> Available records:

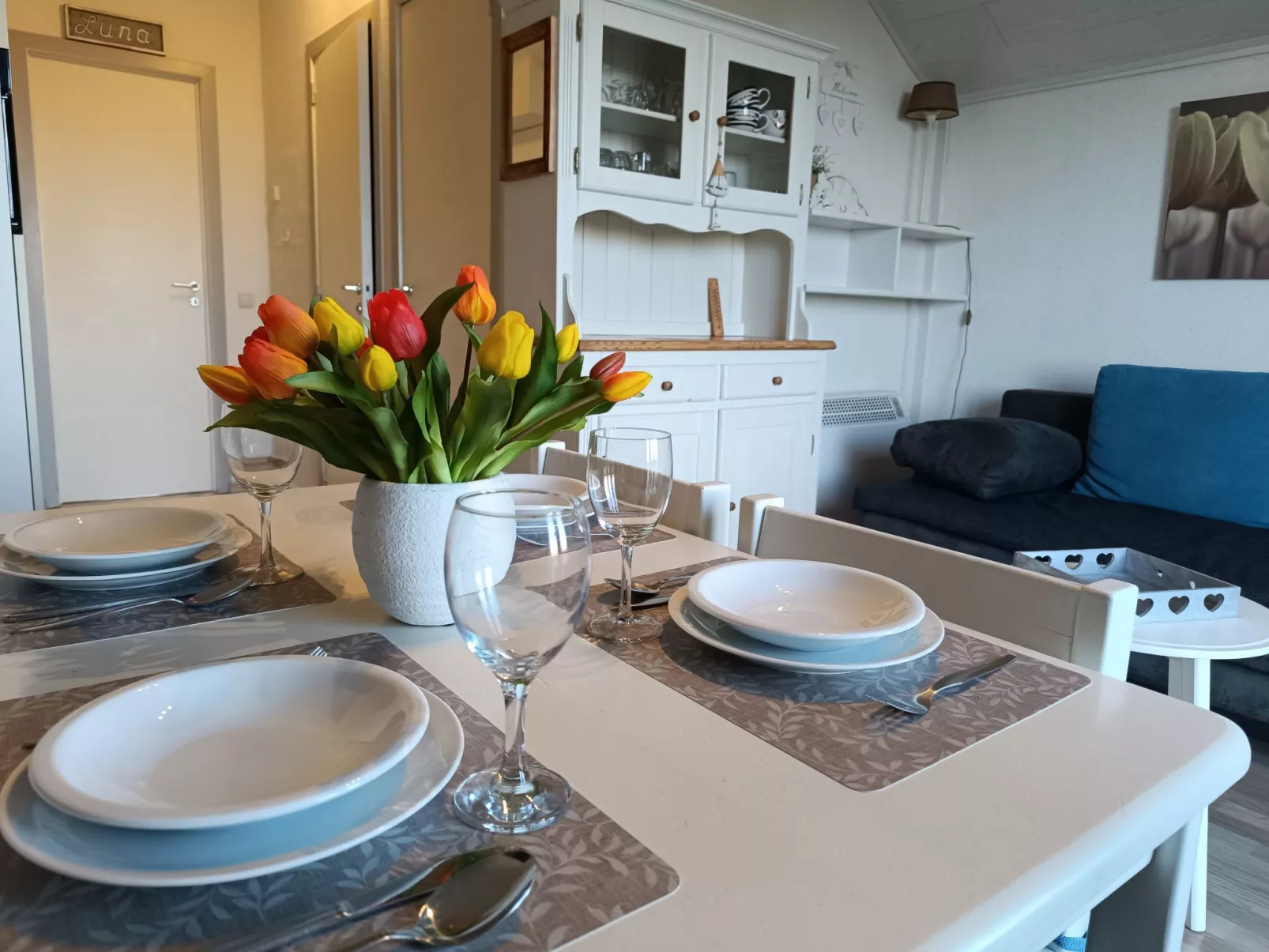 Luna with parking and shared pool-Binnen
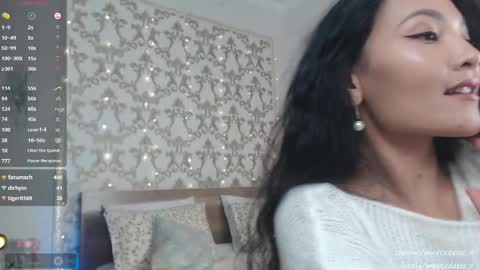 Snapshot of mercedesss_8 chatting on 12-11-24, 12:44 Next show on 03 Dec online show from 12-11-24, 12:44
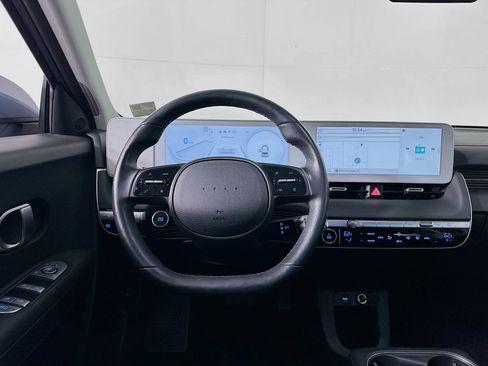Used 2024 Hyundai Ioniq 5 SEL image 17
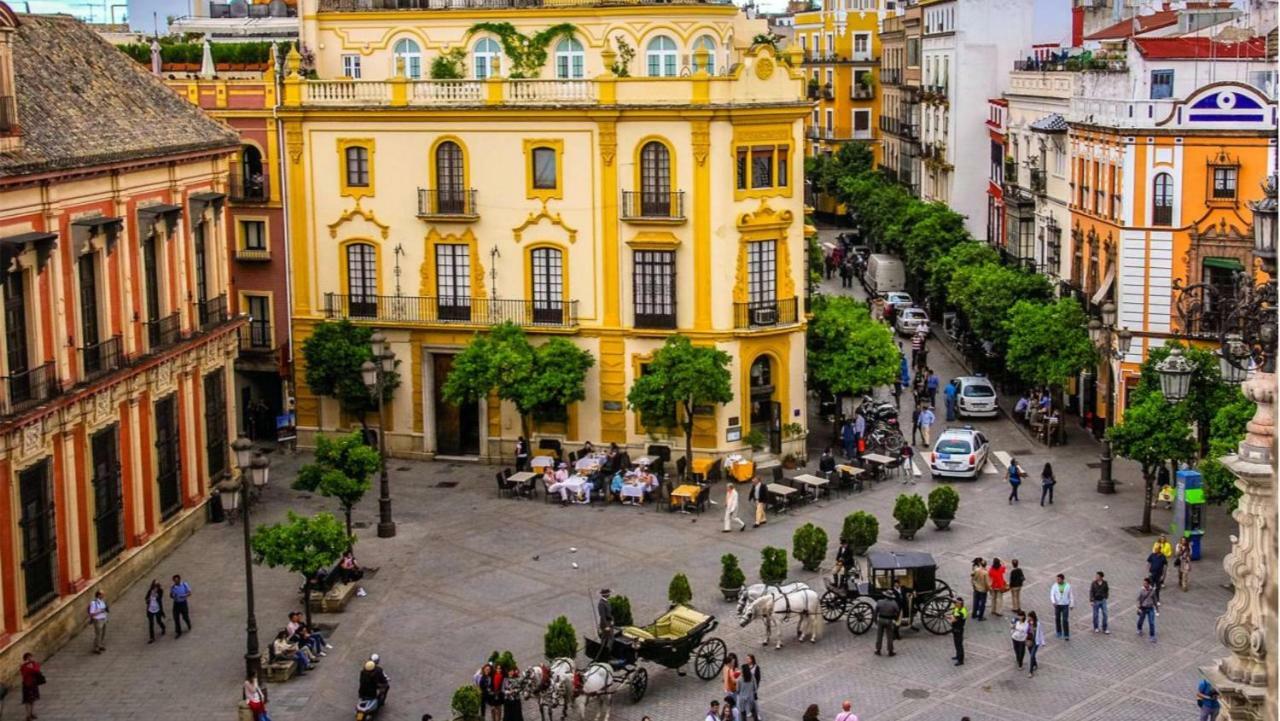 RentalSevilla Moderno y comodo apartamento en Santa Cruz con Parking Exterior foto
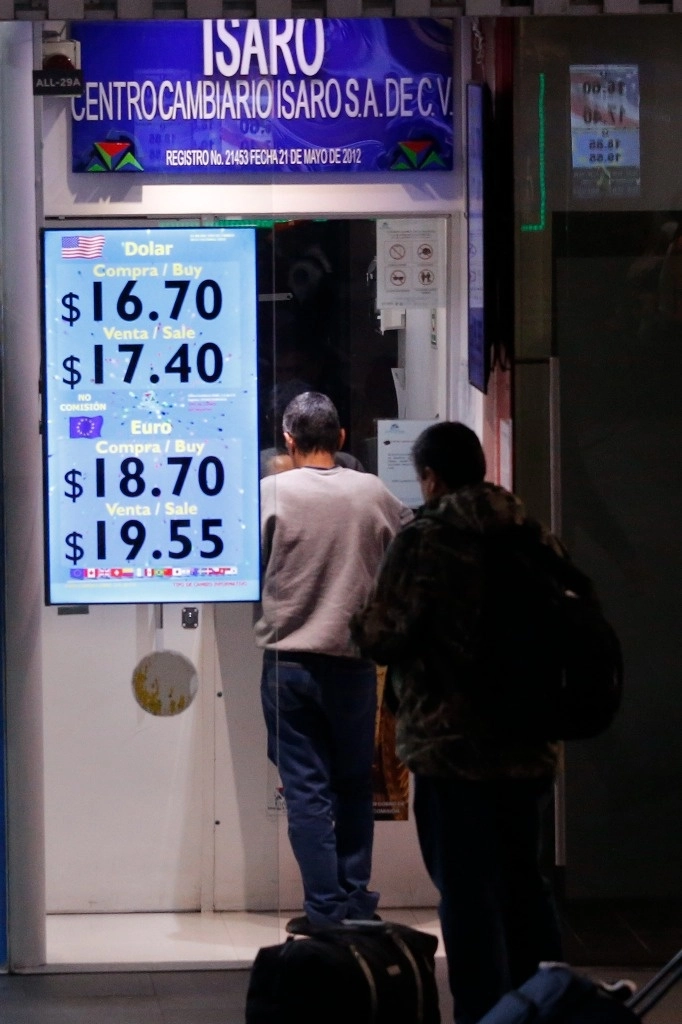 Cotización del dólar en la Terminal 1 del Aeropuerto Internacional de la Ciudad de México, en imagen del 9 de enero de 2024. Foto María Luisa Severiano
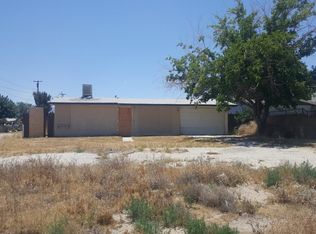 1624 E Avenue Q, Palmdale, CA 93550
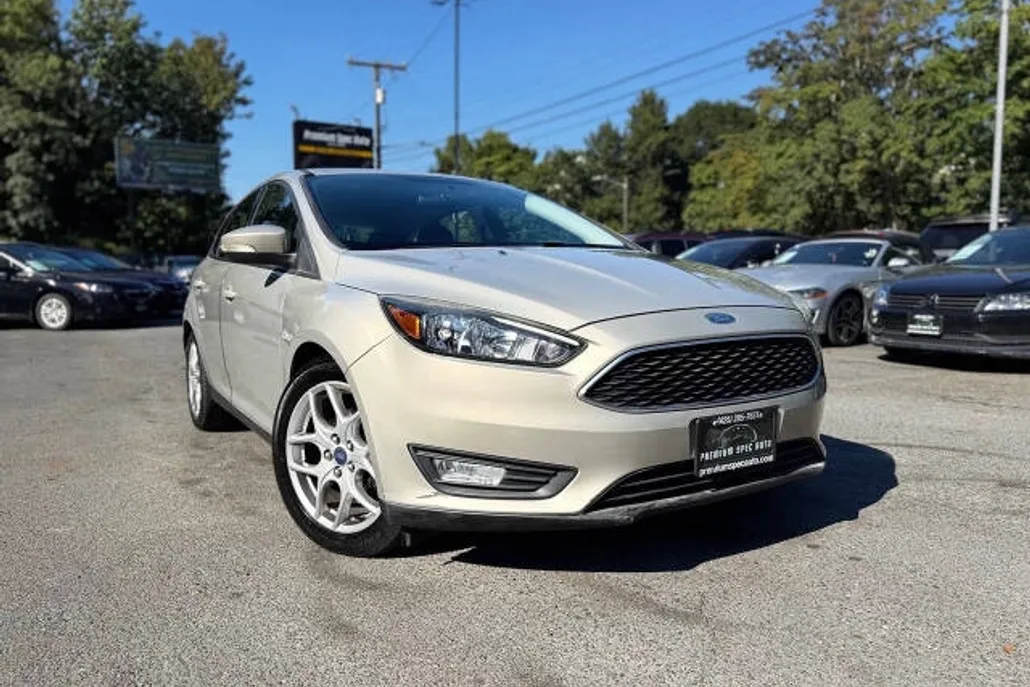2015 Ford Focus SE photo 1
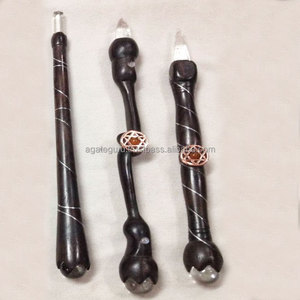 Bâton de guérison Chakra poli en palissandre naturel fait à la main - Product Image 1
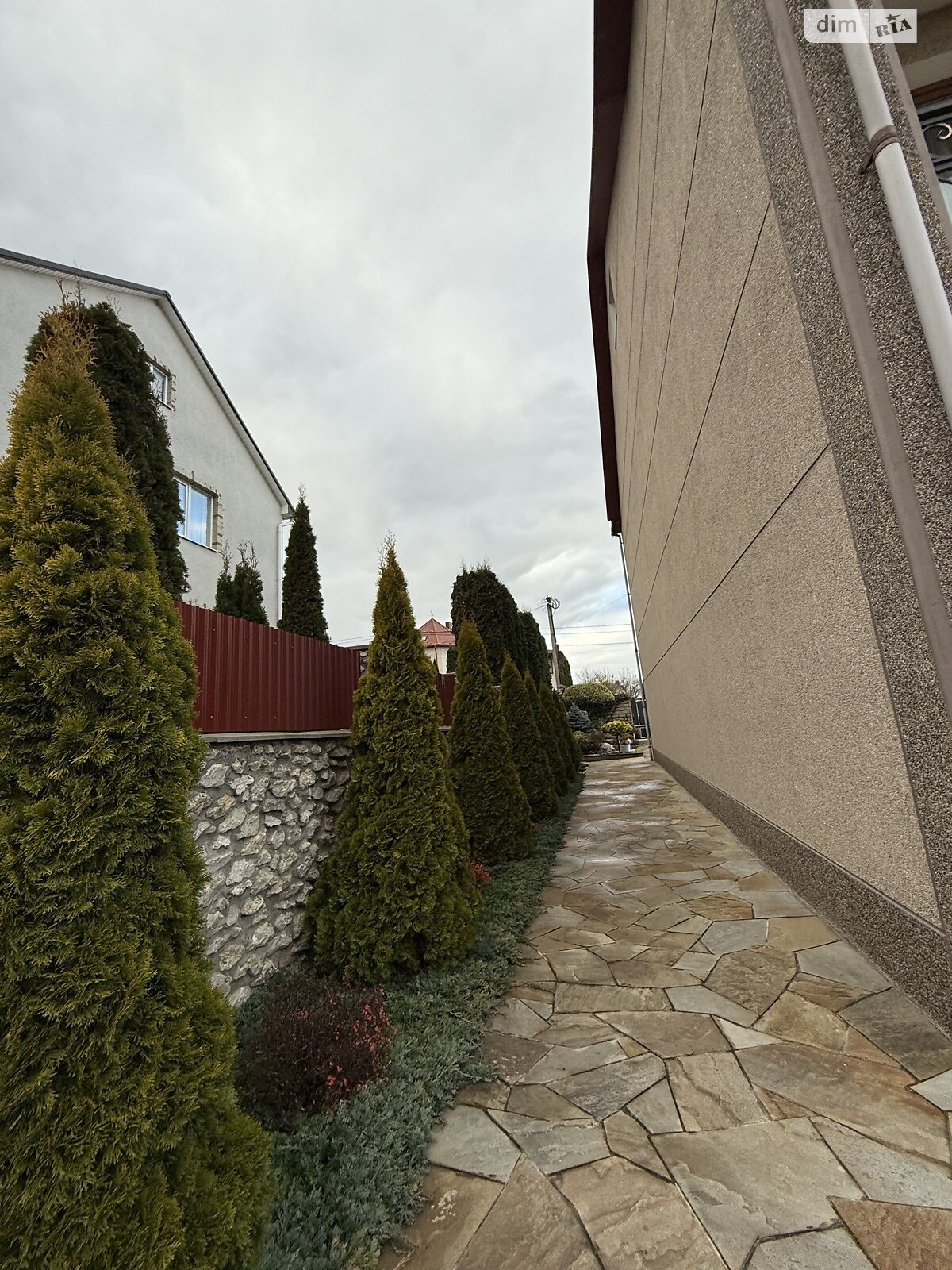 трехэтажный дом беседка, 220 кв. м, кирпич. Продажа в Байковцах фото 1 трехэтажный дом беседка, 220 кв. м, кирпич. Продажа в Байковцах фото 1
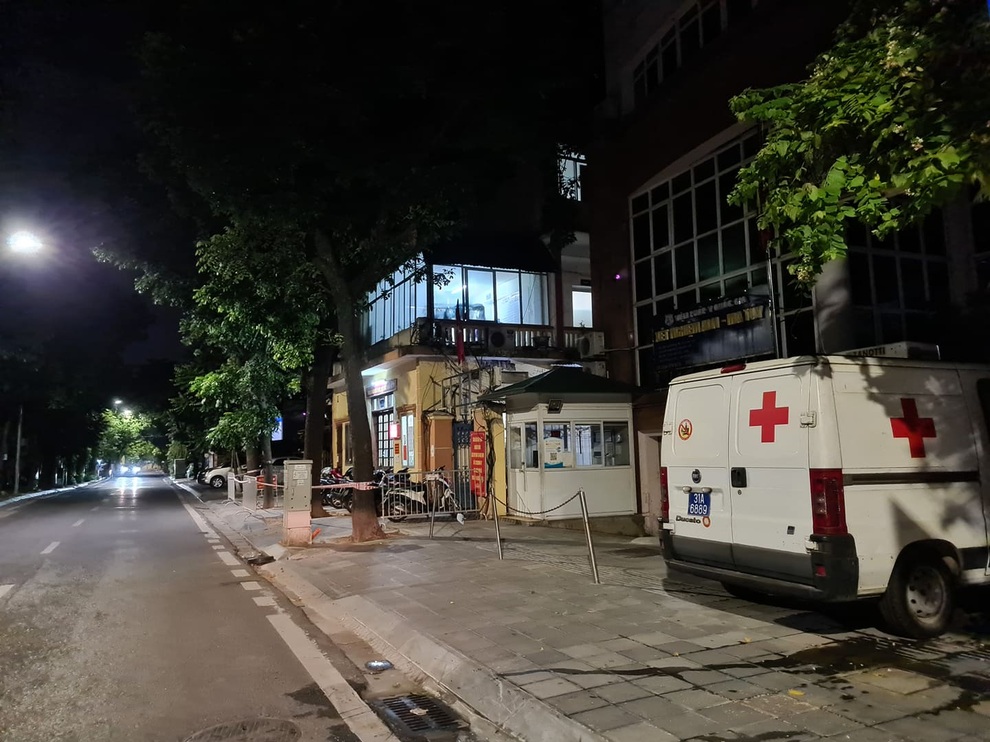 Hà Nội phong tỏa tạm thời trụ sở Công an phường Lê Đại Hành - 2 Hà Nội phong tỏa tạm thời trụ sở Công an phường Lê Đại Hành - 2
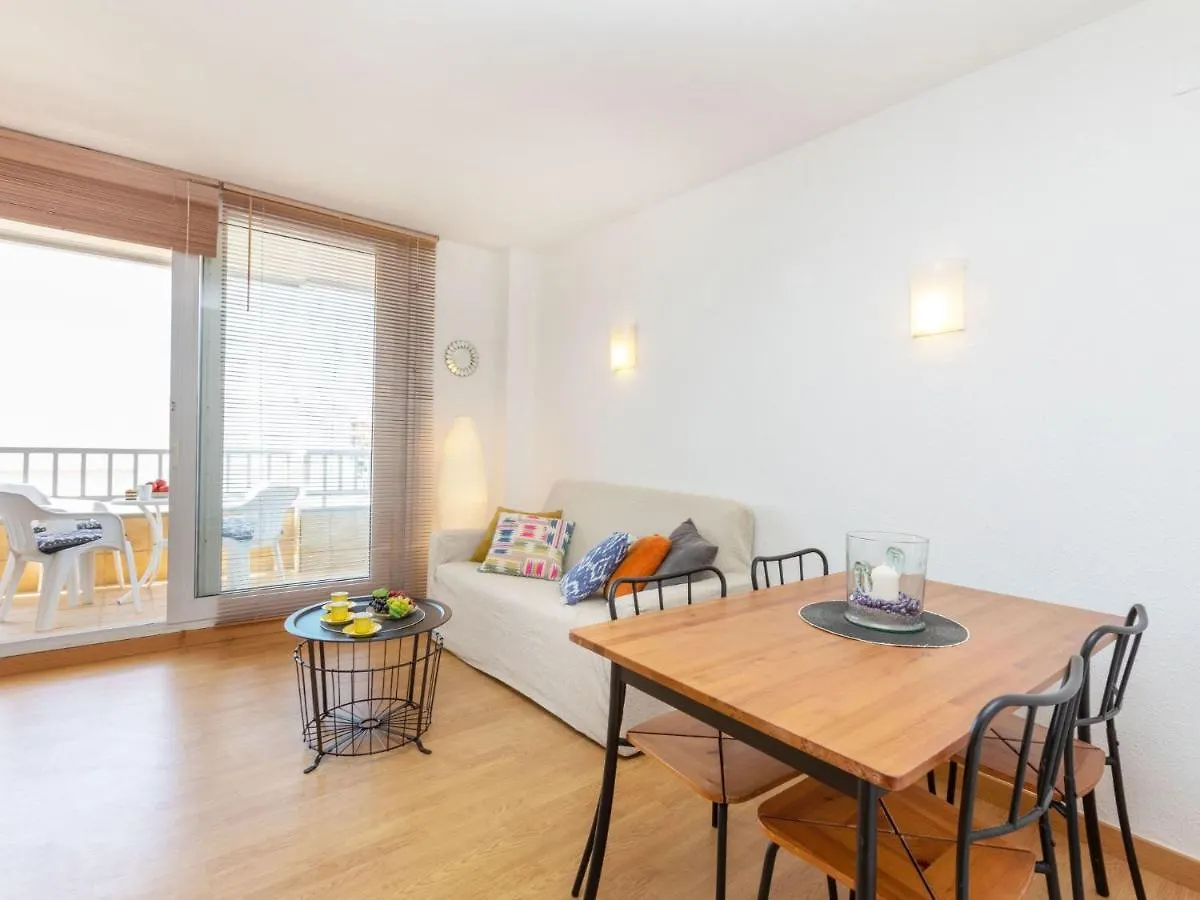 Apartment Apartaments Del Sol By Interhome 레스타르티트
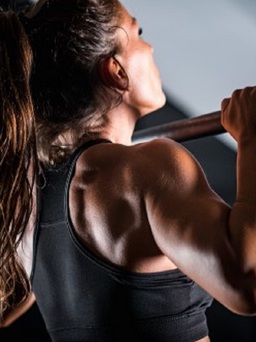 4 cách giúp cơ bắp phát triển mà không cần đến tạ hay phòng gym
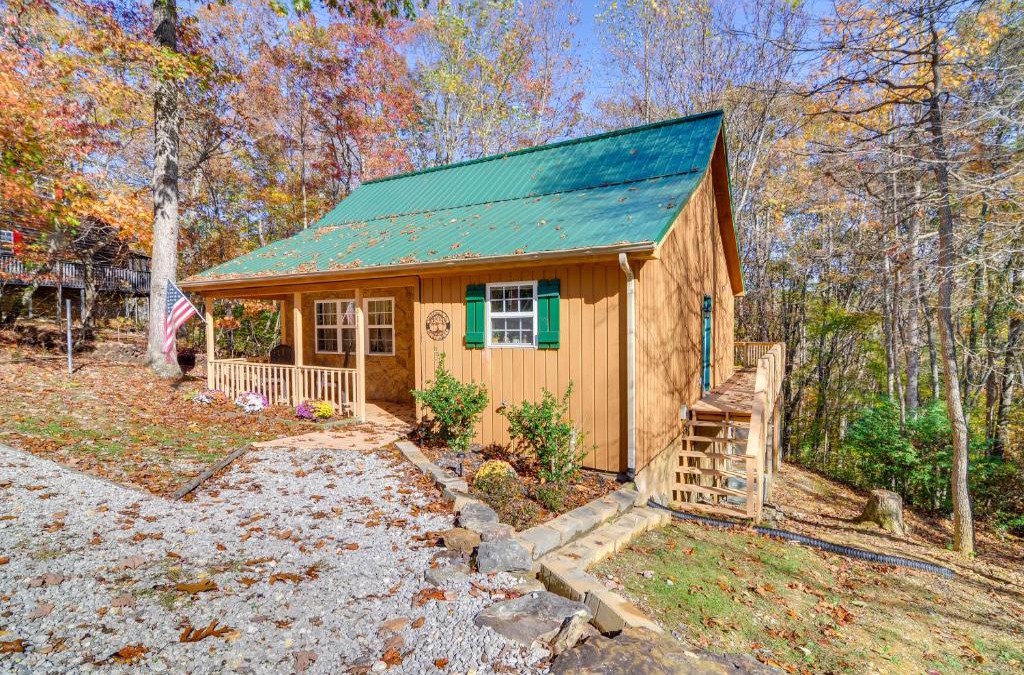 Sloans Valley House | Burnside Resort Cabin with Hot Tub and Outdoor Spots!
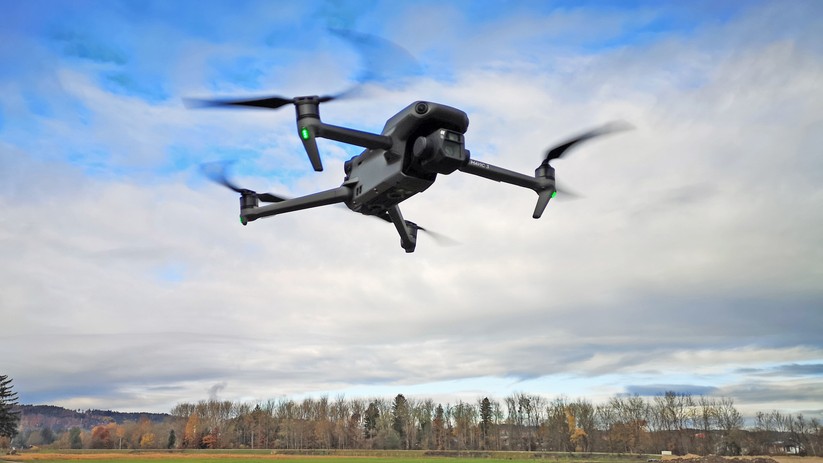 Die DJI Mavic 3 reagiert zuverlässig und bleibt auch bei Wind stabil.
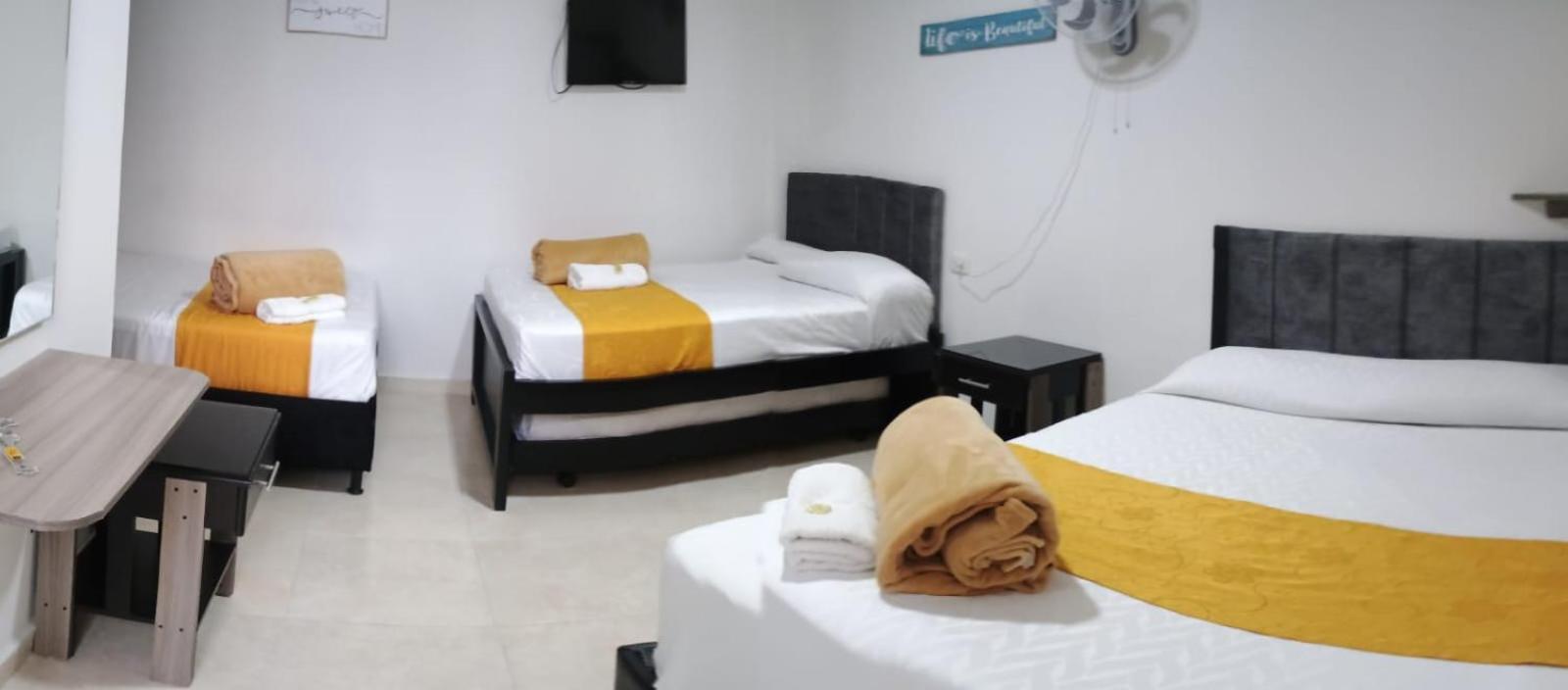 Hotel Cafe Estrella Armenia  Dış mekan fotoğraf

> Work to complete: Out of the records above, return only the lines from the one with "Hành - 2 Hà" through the one with "4 cách giúp", exactly, and none of the pictures.

> Completed exercise:
 Hà Nội phong tỏa tạm thời trụ sở Công an phường Lê Đại Hành - 2 Hà Nội phong tỏa tạm thời trụ sở Công an phường Lê Đại Hành - 2
 Apartment Apartaments Del Sol By Interhome 레스타르티트
 4 cách giúp cơ bắp phát triển mà không cần đến tạ hay phòng gym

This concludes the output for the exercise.